Leave the images out. Give every line below again, precisely.

_Information shown_.
== Segment start ==

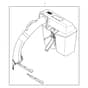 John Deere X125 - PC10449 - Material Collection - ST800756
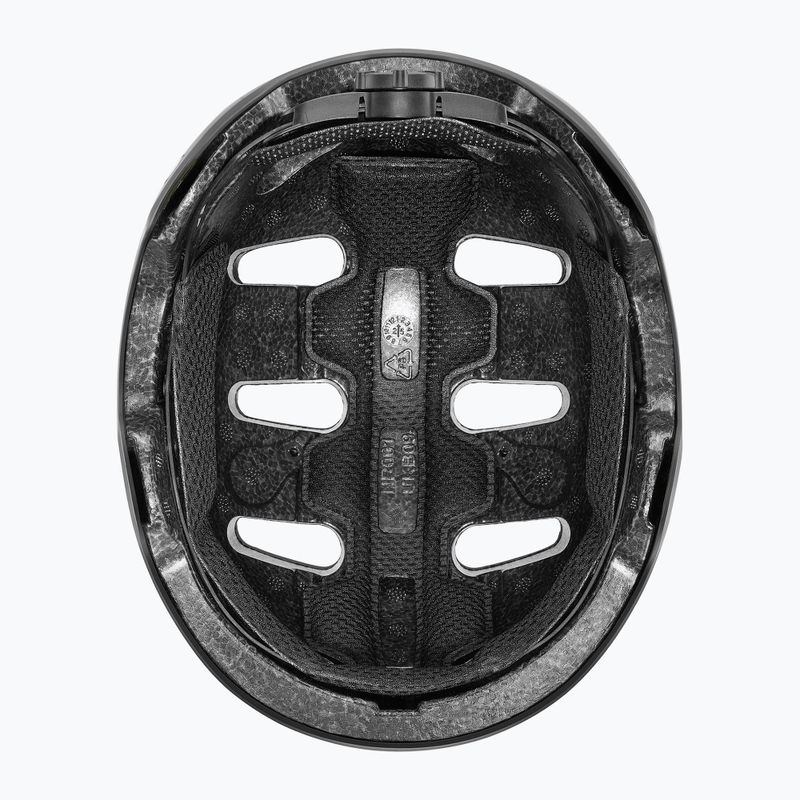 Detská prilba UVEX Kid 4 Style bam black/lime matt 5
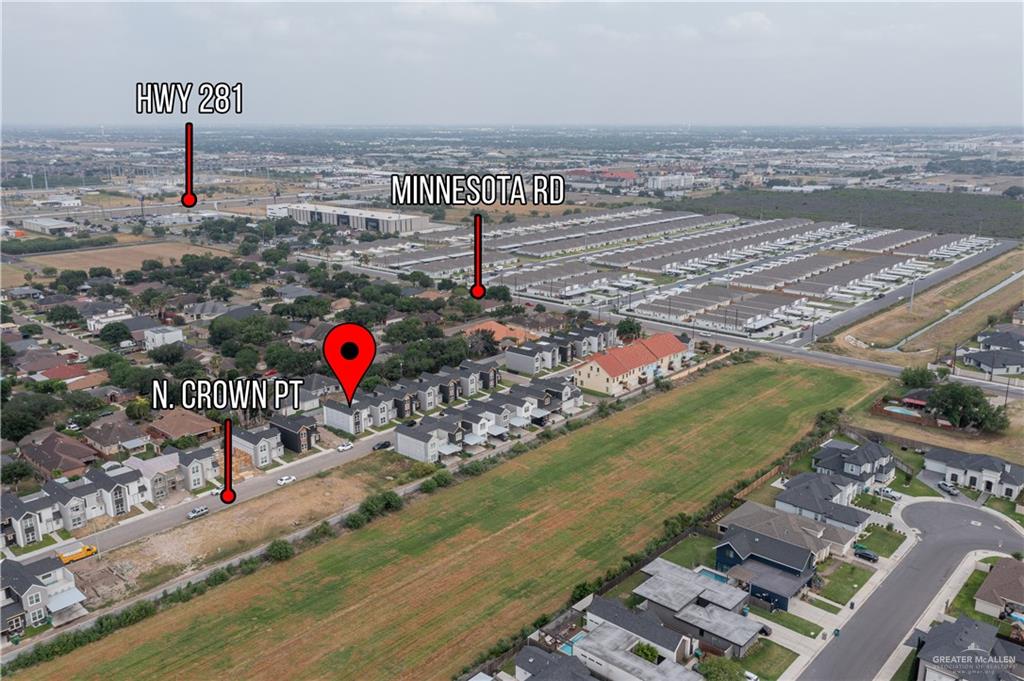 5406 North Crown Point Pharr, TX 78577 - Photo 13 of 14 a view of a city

== Segment end ==

_Exercise solution_.
 John Deere X125 - PC10449 - Material Collection - ST800756
 Detská prilba UVEX Kid 4 Style bam black/lime matt 5
 5406 North Crown Point Pharr, TX 78577 - Photo 13 of 14 a view of a city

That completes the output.